Go through the listing below and retype exactly the lines starting at the one with "Victorian Violets Pedestal" and ending at the one with "Dark Green Lily", skipping pictures.

*** Opening of SUPPLIED RECORDS ***

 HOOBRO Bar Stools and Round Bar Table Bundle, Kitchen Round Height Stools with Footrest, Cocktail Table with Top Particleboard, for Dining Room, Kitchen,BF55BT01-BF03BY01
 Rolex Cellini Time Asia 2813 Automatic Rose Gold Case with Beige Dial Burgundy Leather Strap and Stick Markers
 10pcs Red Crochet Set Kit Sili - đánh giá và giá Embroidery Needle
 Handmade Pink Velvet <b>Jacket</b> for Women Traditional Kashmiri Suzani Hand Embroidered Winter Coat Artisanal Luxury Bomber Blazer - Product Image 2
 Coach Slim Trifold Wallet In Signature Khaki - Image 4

*** Close of SUPPLIED RECORDS ***
*** Opening of SUPPLIED RECORDS ***

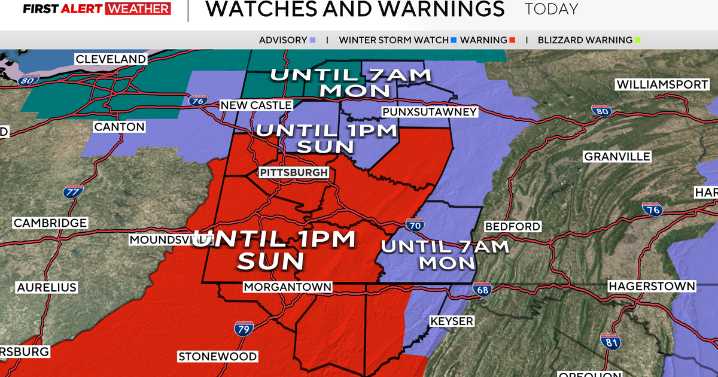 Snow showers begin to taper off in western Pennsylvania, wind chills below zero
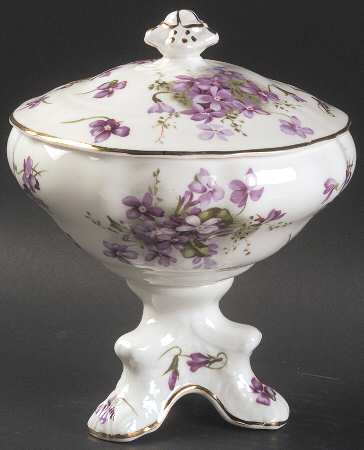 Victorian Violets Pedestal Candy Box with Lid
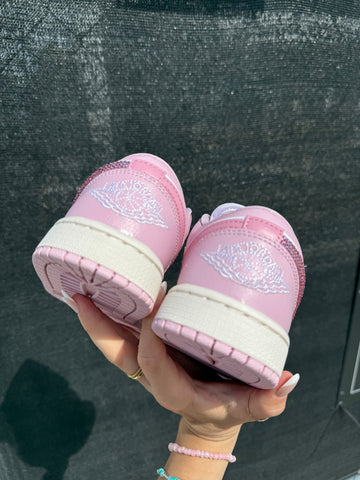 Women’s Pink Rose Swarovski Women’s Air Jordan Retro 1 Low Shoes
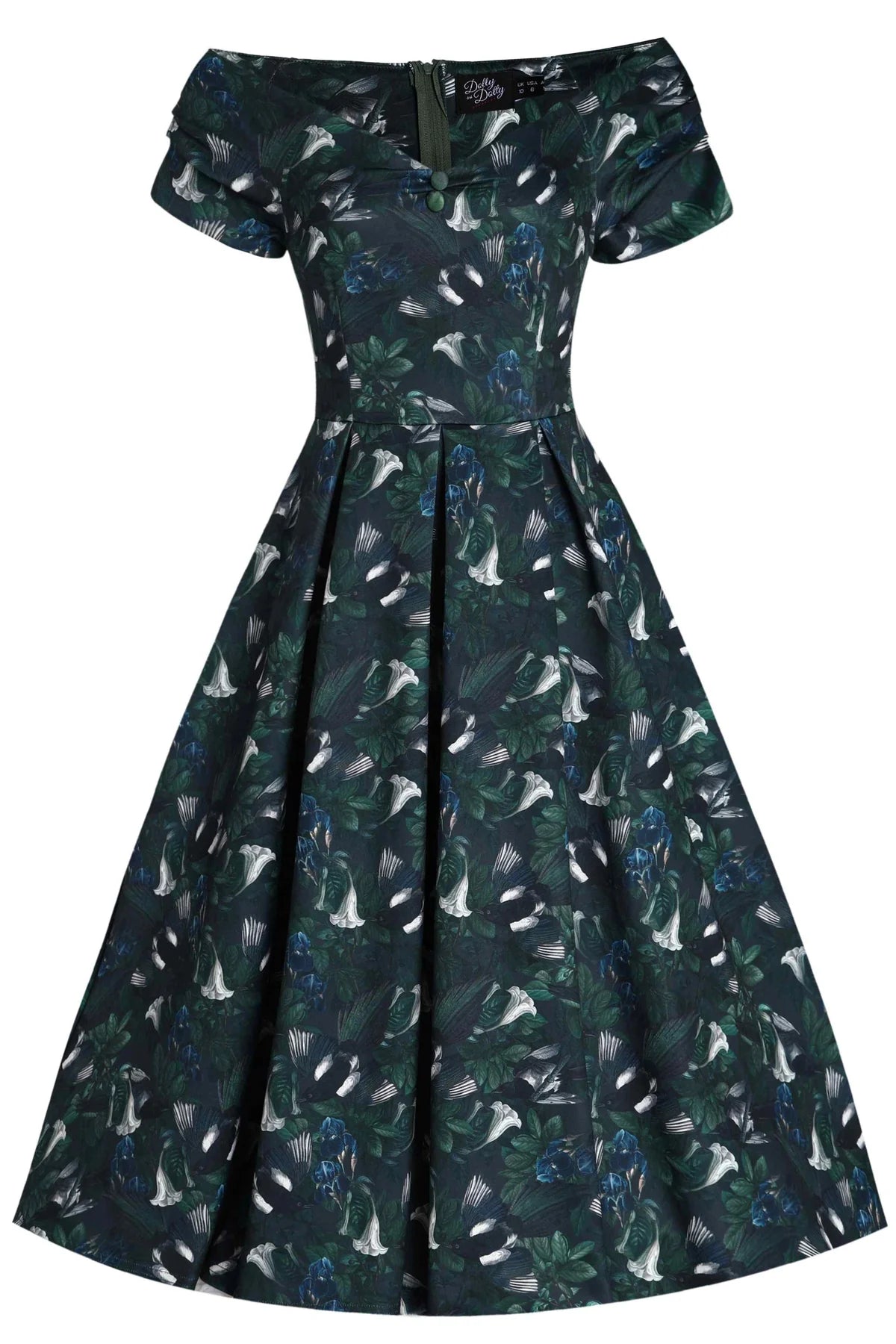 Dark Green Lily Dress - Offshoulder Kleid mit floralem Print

*** Close of SUPPLIED RECORDS ***

WORKED SOLUTION:
 Victorian Violets Pedestal Candy Box with Lid
 Women’s Pink Rose Swarovski Women’s Air Jordan Retro 1 Low Shoes
 Dark Green Lily Dress - Offshoulder Kleid mit floralem Print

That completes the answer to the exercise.